Sunday, February 19, 2012

Voice Recognition for FM Repeaters

Last year Google pushed version 11 of their Chrome browser, and along with it, one really interesting new feature- support for the HTML5 speech input API.

This means that you'll be able to talk to your computer, and Chrome will be able to interpret it. This feature has been available for awhile on Android devices, so many of you will already be used to it, and welcome the new feature.

If you dig around in the source code, you learn how the speech recognition is implemented:

http://src.chromium.org/viewvc/chrome/trunk/src/content/browser/speech/

Audio is collected from the mic encoded in FLAC format, and then passed via an HTTPS POST to a Google web service, which responds with a JSON object with the results.
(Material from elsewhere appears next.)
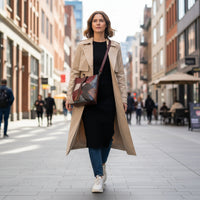 Borsa a tracolla in pelle con frange modello Meti Offerta Lancio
Some Asterisk Telephony enthusiasts have been monkeying with this Google Speech API. This is how I first learned of it.

http://zaf.github.com/asterisk-speech-recog/

Interacting with a repeater thus far has been limited to DTMF to query the time, etc.

This API opens a whole new world to craft your own Siri like repeater system. Just set up a series of IF statements to grep/match the text returned.

You ask "What time is it?" It sees "time" and does a time lookup and speaks it back.
You ask "where is KB8ZXE?" it sees where and KB8ZXE and passes a query to APRS.fi and reports back that he was last 2.1 miles NorthEast of Green Bay".... etc

I've been experimenting with this on IRLP node/ repeater (147.075 MHz) here in Green Bay. It's really quite trivial to implement. I bet we are the first ham radio repeater to implement voice recognition.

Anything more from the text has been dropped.